TxDOT Is Unmoved by Claims a Dallas Company's Guardrails Are Maiming Drivers

Guardrails are supposed to save you from your own poor driving, but may sometimes kill you instead.
Guardrails are supposed to save you from your own poor driving, but may sometimes kill you instead.

Since 1999, the guardrails manufactured by Dallas' Trinity Industries have been credited with saving the lives of hundreds of thousands of drivers across the country. Trinity's popular older guardrail design, called the ET-2000, is supposed to roll back when struck by cars, absorbing some of the impact and lowering the risk that the people inside the car will get seriously hurt or die.

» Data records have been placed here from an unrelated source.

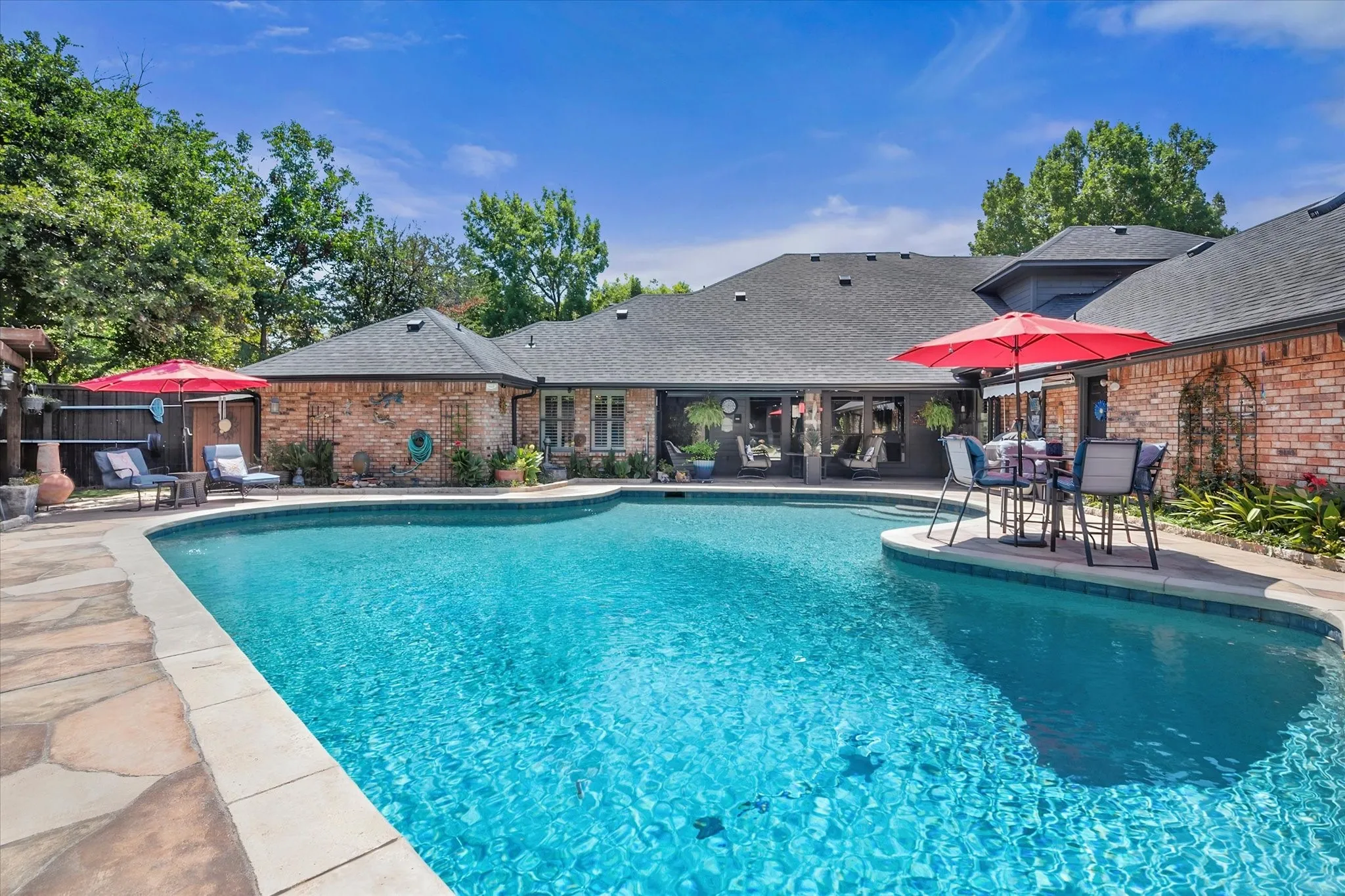 Single Family Residence For Sale in Tarrant County , 3320 Thorntree Court, Arlington, Texas 76016, 4 Bedroom, 4 Bathroom, 3 Garage spaces, 3,426 Sqft, built in 1986, mls#21355205, Real Estate Agent in Arlington, Homes For Sale in Tarrant county, Homes For Sale in Arlington, Realtor in Arlington Texas, Real Estate Brokerage Independent Realty Texas, Luminita Cordes Realtor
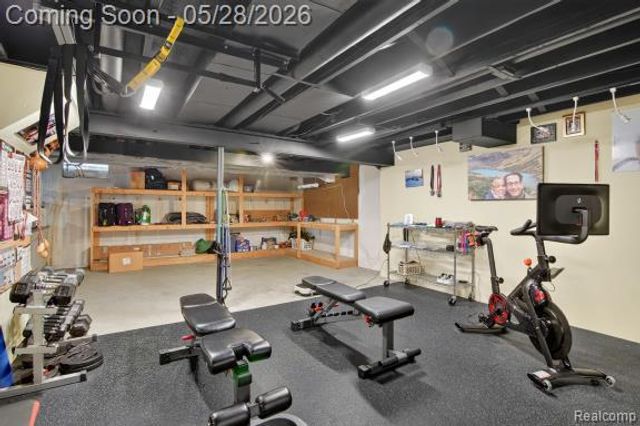 3861 Bradford Square Drive, Ann Arbor, MI 48103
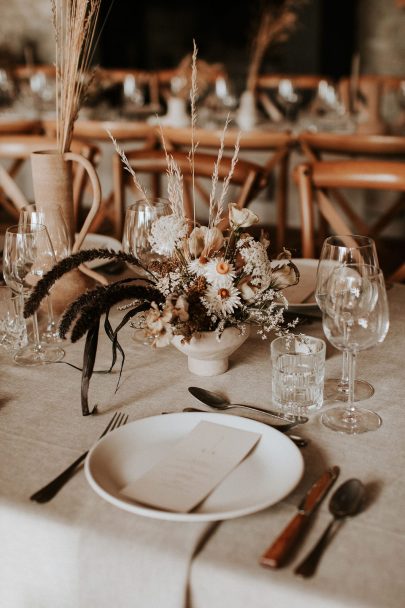 Un mariage moderne et authentique en Provence - Photos : Pinewood Weddings - Wedding planner : Atelier Blanc - Blog mariage : La mariée aux pieds nus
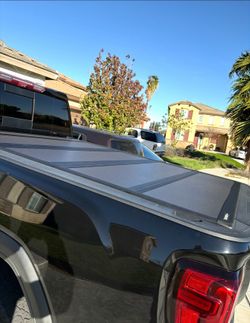 Bak flip bed cover 2022 gmc sierra 2500 HD bed cover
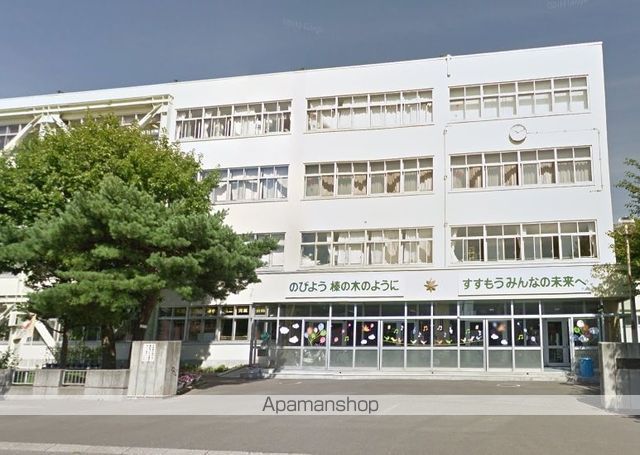 小学校　栄東小（小学校）まで172m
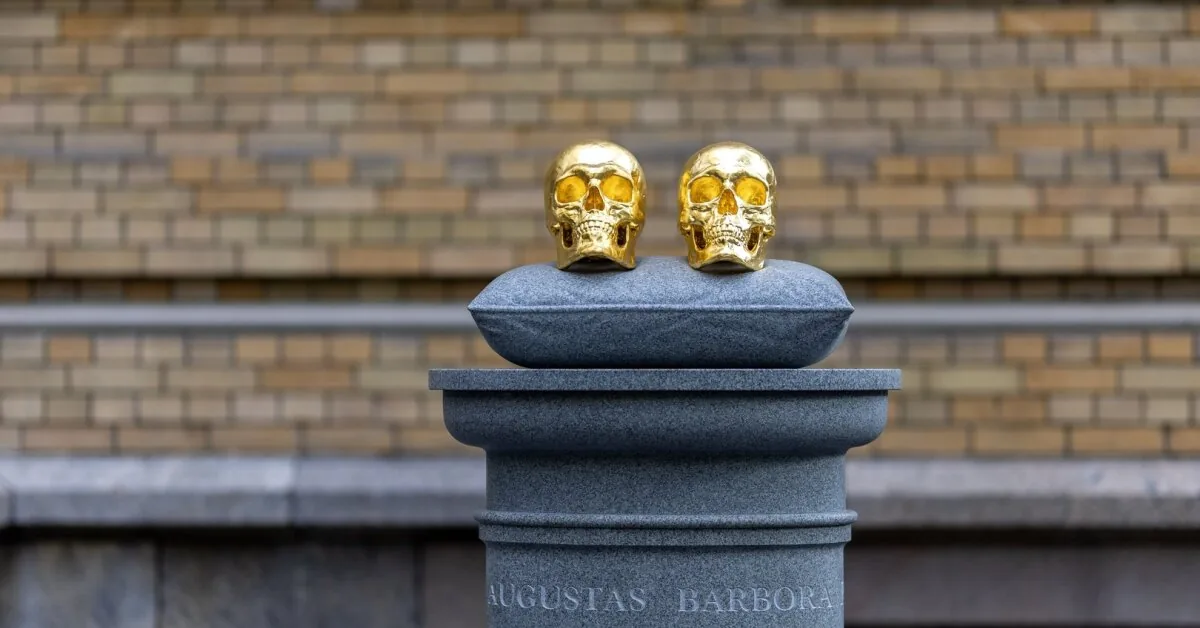 Two golden skulls instead of Sigismund and Barbara: experts evaluated the sculpture that sparked sharp discussions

But in 2005, Trinity Industries altered the design of its guardrail model, shaving off about an inch of metal on each guardrail. It was a minor change, the company has claimed, and one it said wasn't implemented to cut costs, even though a 20/20 news investigation this month uncovered emails from Trinity's own engineers calculating that the change would save the company $2 per each guardrail.

Whatever the reason for the change, the results look gruesome. The newer guardrail model, called the ET-Plus, sometimes reacts to a car crash not by rolling back like its supposed to, but instead by slicing through the car and impaling the people inside.

Elisa Gonzales is one of the people who was impaled. She was a passenger in a car that was driving north on Interstate 35 to Gainesville in 2011 when her driver fell asleep. The car struck the ET-Plus guardrail, which sliced through the car directly to the passenger side, amputating Gonzales' leg, she said in a lawsuit she filed in Dallas against Trinity Industries last year.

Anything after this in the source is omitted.